The gap between Santa Barbara and the overall national median for total economic impact of the arts is even larger — nearly $75 million. In addition to a variety of statistics on the economic impact of the arts on our area, the report also includes a compelling account of how the money that arts organizations and their audiences spend tends to stay local. In a section subtitled “How a Dollar Is Re-spent in the Economy,” the report details the indirect ripple effects of a hypothetical expenditure of $200 on paint by a Santa Barbara theater company.
To get a participant’s perspective on how our area achieved this extraordinary level of economic success through promoting the arts and culture, I spoke with Santa Barbara International Film Festival director Roger Durling, whose organization was one of the 73 nonprofits surveyed for the study. As Durling heads into his 10th festival as director, he feels confident that this news about the economic impact of the arts in our county is something that not only can be sustained but can continue to grow.
“I am so optimistic about Santa Barbara as a cultural destination right now,” said Durling, “and that’s why we have decided this year to expand our outreach to the people of Los Angeles and the national media. On October 9, we will be doing our first event specifically geared toward promoting the Film Festival in L.A. It’s called ‘A Taste of the Santa Barbara International Film Festival,’ it’s taking place at The London hotel in West Hollywood, and we are bringing some of our sponsors, such as Bridlewood Wines, with us to get even more people excited about coming here this year.”

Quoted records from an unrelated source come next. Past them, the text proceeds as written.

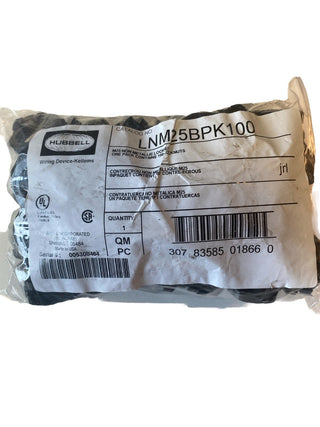 100x Hubbell LNM25BPK100 Kontermutter M25 Nylon Schwarz – Neu & OVP1
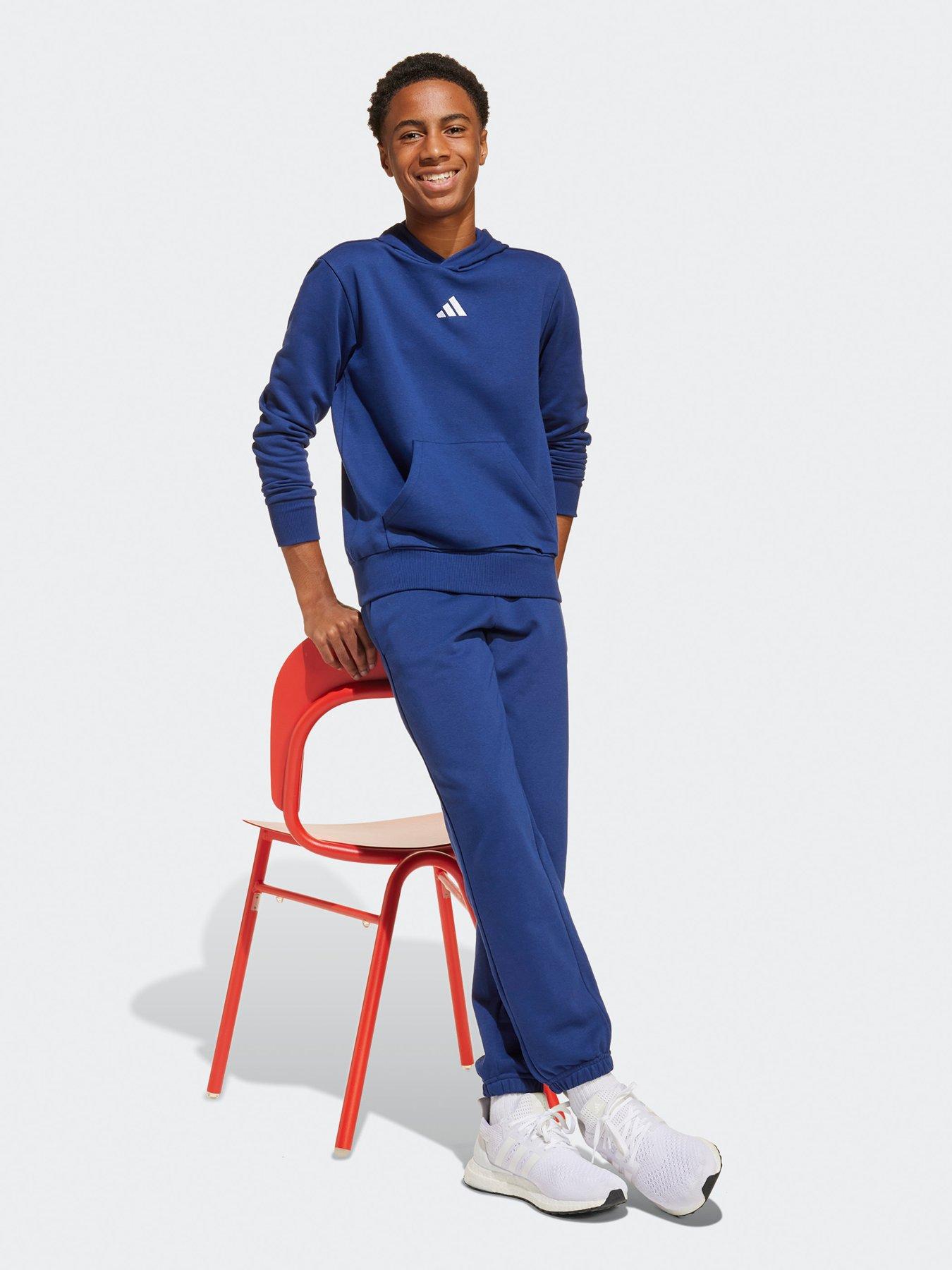  image of adidas-sportswear-junior-boys-essentials-hoodie-blue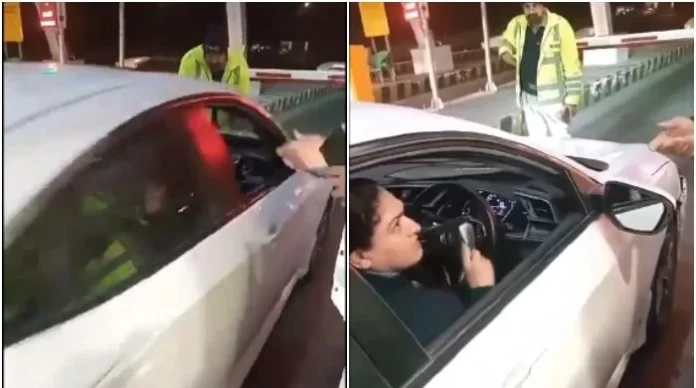 خاتون ڈرائیور نے پولیس اہلکار پر گاڑی چڑھا دی، ویڈیو وائرل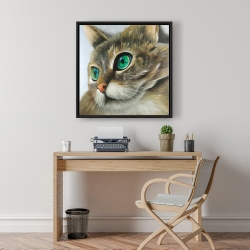 Framed 24 x 24 - Peaceful cat portrait
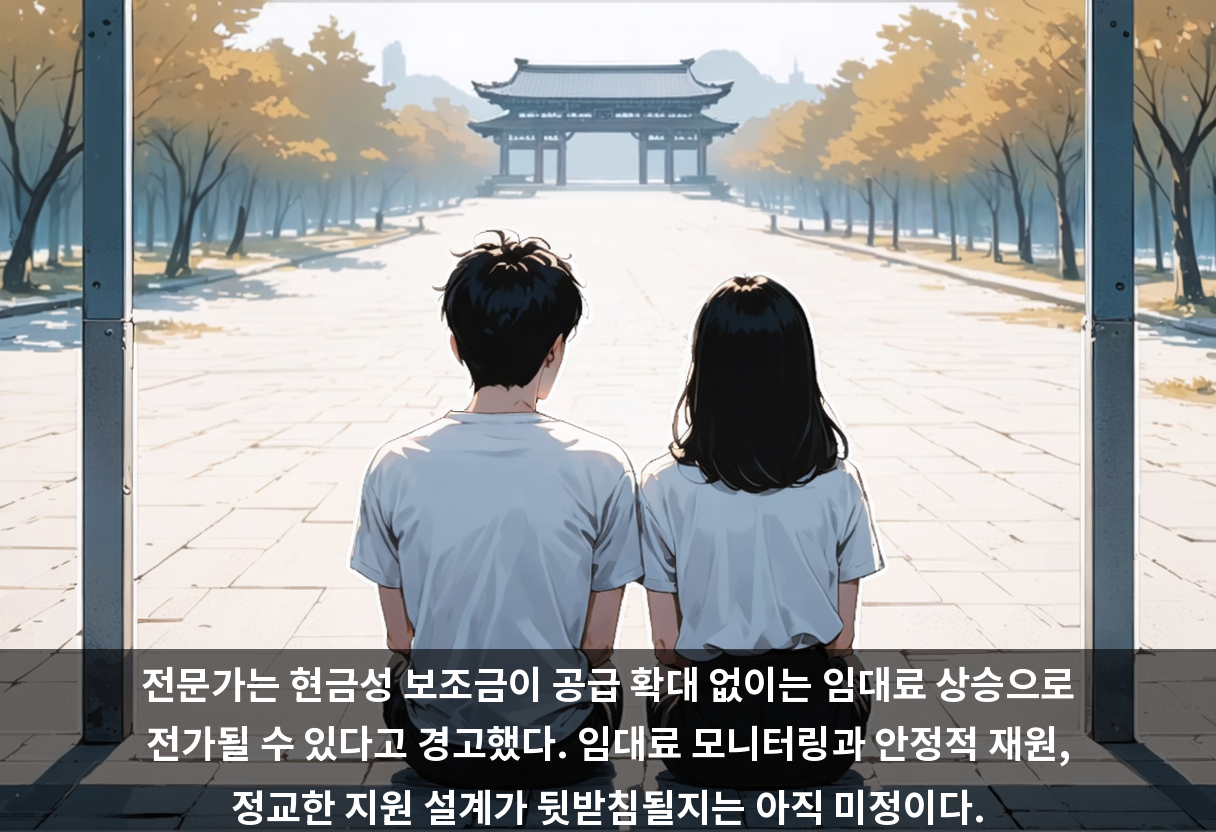 전문가는 현금성 보조금이 공급 확대 없이는 임대료 상승으로 전가될 수 있다고 경고했다. 임대료 모니터링과 안정적 재원, 정교한 지원 설계가 뒷받침될지는 아직 미정이다.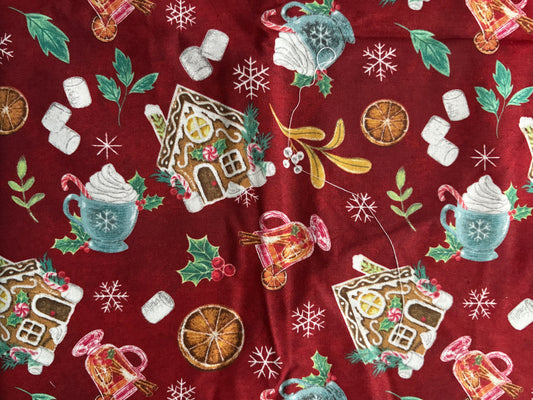 2 YARDS Blank Quilting Mistletoe Magic by Lily Ford, Designer Cotton, Quilting Fabric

Durling is not alone in his optimism. On September 29, an experienced group of entertainment professionals headed by Santa Barbara resident Jim Green announced a partnership with Santa Barbara City College to create a theater festival called Playfest which will have its premiere in January 2013, just a week prior to the Film Festival. As dozens of arts and cultural organizations gear up for another season of activity, this indication that their efforts provide long-lasting and economically significant benefits to the entire community is most welcome.